Lobster from New England. (Photo: Roberto Rodriguez CC BY-SA 3.0)
Lobster exports feel the impact of trade war with China
Saturday, August 11, 2018, 01:20 (GMT + 9)
United States lobster exports to China, amounting to over USD 142 million last year, are expected to take a big hit after the the trade war between both countries.
The Asian country has roughly doubled tariffs on live American seafood in retaliation of US tariffs on USD 34 billion of Chinese imports last month.
The Trump administration is escalating this war by slapping new tariffs and is planning to impose a 25 per cent tax on an additional USD 16 billion in Chinese goods starting August 23, CBC News reported.
With China retaliating, America's lobster industry is feeling the impact.
In June, The trump administration announced a 25 per cent tariff on Chinese goods. Beijing responded with its own 25 per cent tariff on a list of goods including live lobster. At the same time, China has lowered its tariff on Canadian lobster imports to 7 per cent, making them more attractive to Chinese buyers.

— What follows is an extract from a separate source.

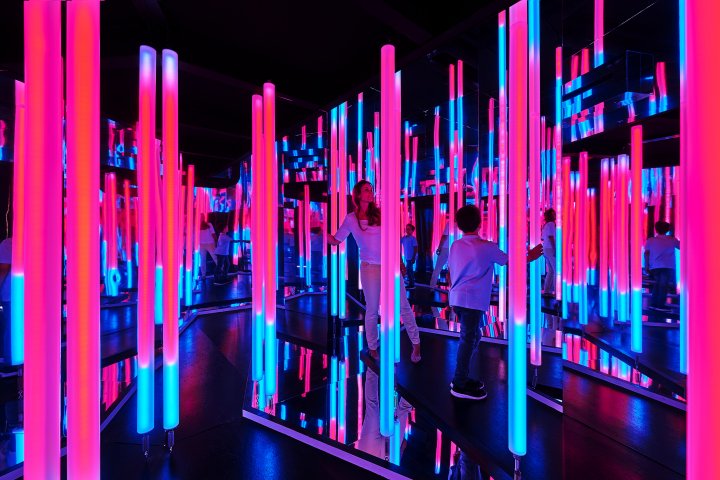Ein Museum mit Lichtstäben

Maine lobster producers claim they can sell their products domestically but feel that the lobster industry has become collateral damage.

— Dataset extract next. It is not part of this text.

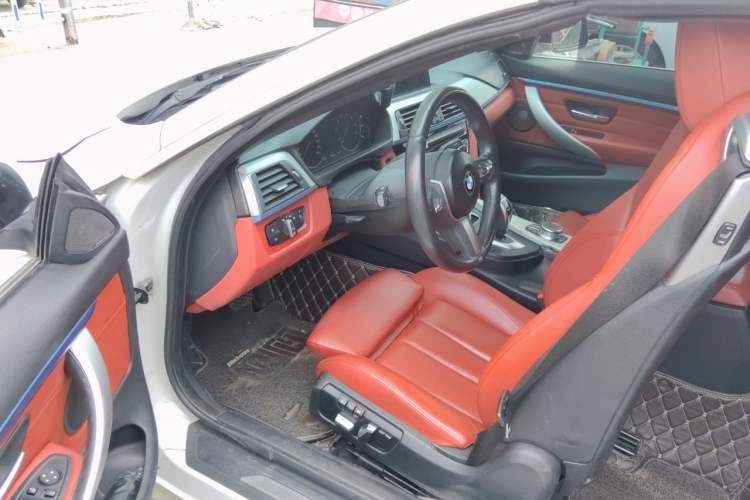 Used BMW 4 Series 2019 425i Convertible M Sport Package Driver Seat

In Connecticut, lobster producers are also losing out on significant business as it is the case of Garbo Lobster based in Groton.
The company’s general manager Chris Brown told NBC Connecticut that last year the company shipped lobster on a daily basis but, at present, volumes are much lower so they have to really reduce the amount of drivers, reduce the amount of production staff.
Brown regrets that the US-China trade war has led to that major international market lose its appetite for New England lobster.
“We were shipping anywhere 100- to 150,000 pounds a week on a given timeframe to China,” Brown said. “However, now that has dropped down to nothing.”
For his part, the representative for Connecticut Joe Courtney visited the place where Garbo sorts its lobsters to learn more about the business the wholesale distributor is losing.
“He’s never experienced anything like this where the government is creating an added cost, I mean it’s about USD 2.50 cents a pound of extra cost selling into China for US lobster,” Courtney said.
Brown highlighted that Canadian companies are benefiting after China lowered traffic on lobster imports from the United States’ neighbour to the north.
“I would ask (President Trump) to consider more free trade opportunities and to be able to compete in the seafood industry in really markets across the board,” Brown concluded.